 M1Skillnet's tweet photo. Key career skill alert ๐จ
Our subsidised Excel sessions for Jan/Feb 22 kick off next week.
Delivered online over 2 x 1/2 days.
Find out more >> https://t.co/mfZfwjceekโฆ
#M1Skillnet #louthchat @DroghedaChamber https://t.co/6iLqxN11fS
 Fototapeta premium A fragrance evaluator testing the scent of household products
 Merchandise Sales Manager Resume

--

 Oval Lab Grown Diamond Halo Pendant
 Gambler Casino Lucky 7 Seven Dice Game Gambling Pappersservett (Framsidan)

* * *

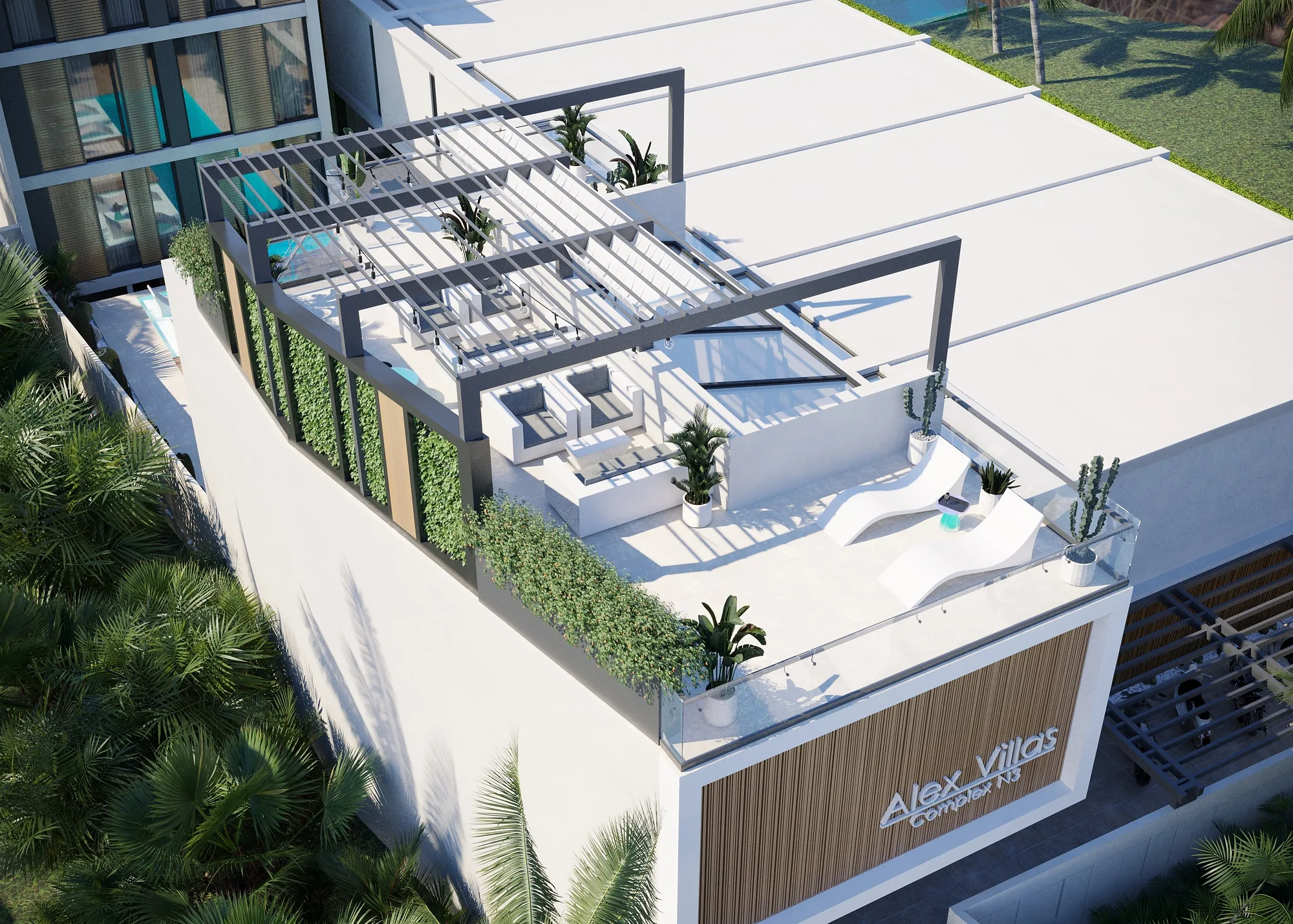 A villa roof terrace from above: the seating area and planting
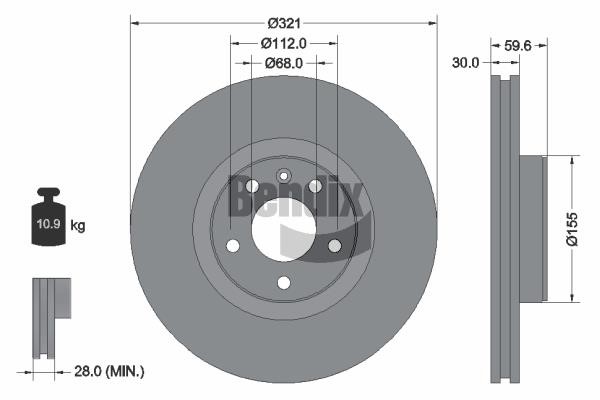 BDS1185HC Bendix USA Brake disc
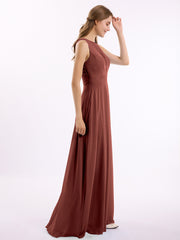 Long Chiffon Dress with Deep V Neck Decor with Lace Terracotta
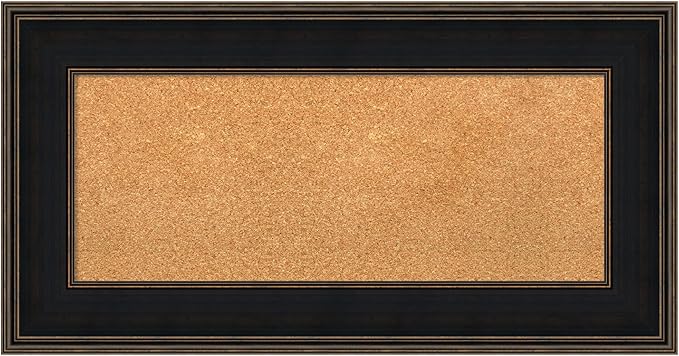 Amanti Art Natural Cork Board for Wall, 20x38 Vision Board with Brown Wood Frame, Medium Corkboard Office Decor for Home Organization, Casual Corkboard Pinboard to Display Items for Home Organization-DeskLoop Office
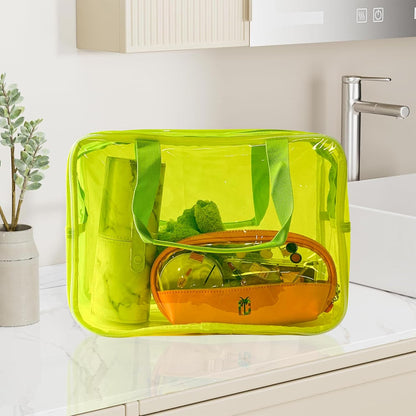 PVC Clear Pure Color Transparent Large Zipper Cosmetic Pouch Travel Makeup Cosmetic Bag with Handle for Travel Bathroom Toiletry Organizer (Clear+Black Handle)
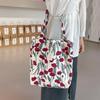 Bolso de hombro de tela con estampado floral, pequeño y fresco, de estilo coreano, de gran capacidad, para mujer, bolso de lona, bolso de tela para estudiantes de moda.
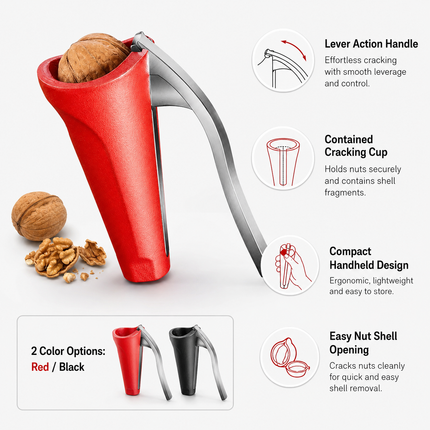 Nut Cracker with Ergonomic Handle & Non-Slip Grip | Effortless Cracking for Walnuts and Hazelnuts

Try it –
Reproduce exactly the lines of the records above from the one with "#M1Skillnet #louthchat @DroghedaChamber" to the one with "Merchandise Sales Manager Resume", both included, and leave out everything else.

Answer area –
#M1Skillnet #louthchat @DroghedaChamber https://t.co/6iLqxN11fS
 Fototapeta premium A fragrance evaluator testing the scent of household products
 Merchandise Sales Manager Resume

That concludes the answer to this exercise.